If you switch I believe probability of getting prize to be 2/3rds (you get it if you pick either of non prize doors) + 1/2 of 1/3rd (if you picked door with prize in first place).

Seems high but is chance of winning 5/6

 

[dazzer6666]

Ok, so using three permutations - prize behind 1, 2 & 3 and choosing Door 1 first, options work out as follows............

Door 1 Door 2 Door 3 Door 1 Switch
Empty Empty Prize Lose Win
Empty Prize Empty Lose Win
Prize Empty Empty Win Lose

So by sticking to door 1, would win 1/3 attempts and by switching would win 2/3 attempts, so 66.6% probability of winning by switching vs 50% of winning by not switching ?

 

[beorhthelm]

i dont see why the change to 50/50 means you should change your mind.

 

[PILTDOWN MAN]

This is the classic error.

The way I explain this to people is to ask whether they would rather take a choice about a one in three chance or a one in two. Obviously people would rather a 50/50 shot but this puzzle is interesting because it kids you into thinking the odds are 50/50 for both boxes left (which is true) BUT when you picked it you had a 33% chance. So you switch.

The removal of one box and the relatively small change in implied odds makes it tricky to change your mind. No law imagine there were 100 boxes and you picked one. 98 incorrect boxes were removed. Would you swap? Of course you would because it is obviously now a 50/50 shot whereas on first guess you had 1% chance of being right. It is all about the information available when you make the decision.

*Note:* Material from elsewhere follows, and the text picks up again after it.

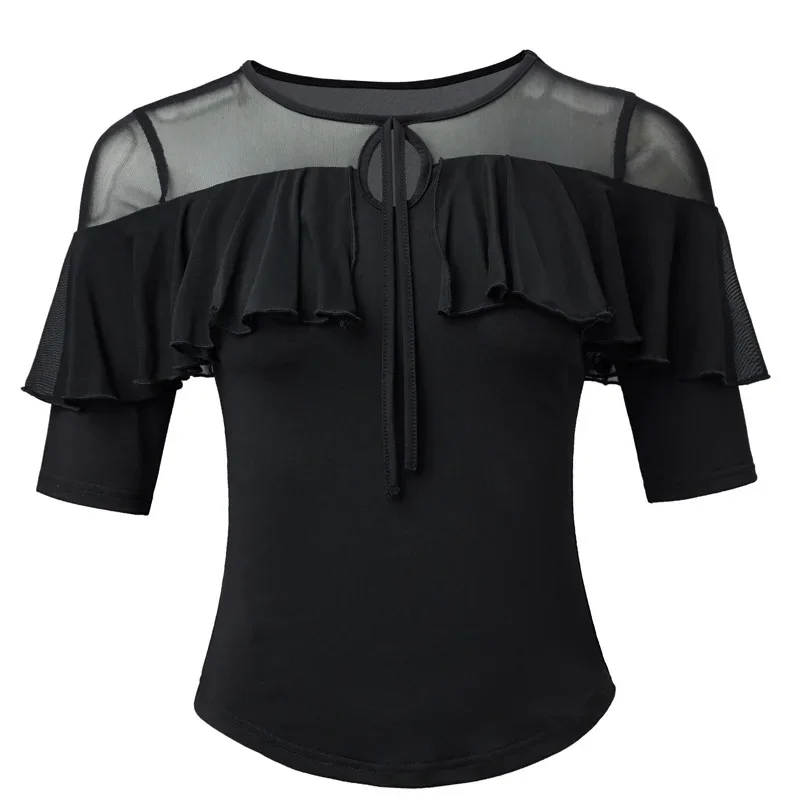 Women Ruffle Cape Latin Dance Top Mesh Patchwork Tie Neck Ballroom Dance Shirt for Tango Latin Performance Dancewear for Women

I now get it ha ha silly me. Here's me who studied high level analytical maths when studying aeronautics , but that was 36 years ago

 

[sparkie]

In actual fact it doesn't matter whether Monty knows or not. We are where we are, with one door having been revealed not to have the prize. Monty may have opened the door with the prize and the game would have been over, but he didn't, and here we are with two closed doors, one of which hides the prize

Oh, so Monty wasn't deliberately picking an empty door to prolong the game after the ad break... he was making an arbitrary choice , so might as well have done it randomly...?

 

[Berty23]

i dont see why the change to 50/50 means you should change your mind.

Because when you made your initial choice it was a 33% chance of winning. Given that there is always going to be two wrong answers with the initial choice then one box can always be removed but it can’t be the box you chose. So the chance of it being the box you chose was always going to be 50/50 once one other was removed but when you picked it it was 33% chance. It messes with your mind but when you assume you had 100 boxes to choose from in the first place and 98 incorrect boxes are removed then it is more obvious why you should switch.

 

[Diablo]

i dont see why the change to 50/50 means you should change your mind.

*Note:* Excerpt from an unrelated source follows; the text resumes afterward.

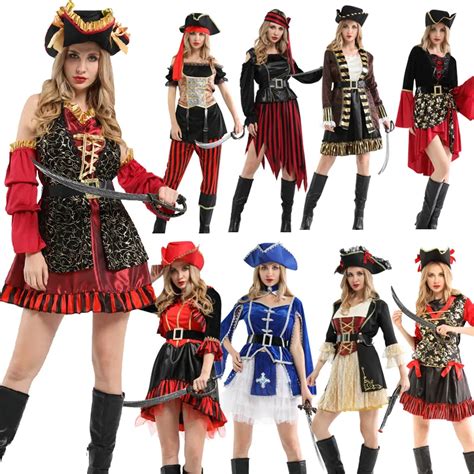 Costumes de Cosplay de Pirates des Caraïbes avec Chapeau Tenue de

Monty new where prize was so had to pick empty one. If you also had picked empty one means other one def has prize so swap. If you had picked one with prize in it would make no difference whether you changed or not.

 

[Berty23]

I guess another way of looking at it would be to switch it.

So if you were asked to pick a box but then told you could swap it to the other two boxes then would you? Surely the answer is yes, so that is effectively what you are doing when one of the others is removed.

 

[beorhthelm]

Because when you made your initial choice it was a 33% chance of winning. Given that there is always going to be two wrong answers with the initial choice then one box can always be removed but it can’t be the box you chose. So the chance of it being the box you chose was always going to be 50/50 once one other was removed but when you picked it it was 33% chance. It messes with your mind but when you assume you had 100 boxes to choose from in the first place and 98 incorrect boxes are removed then it is more obvious why you should switch.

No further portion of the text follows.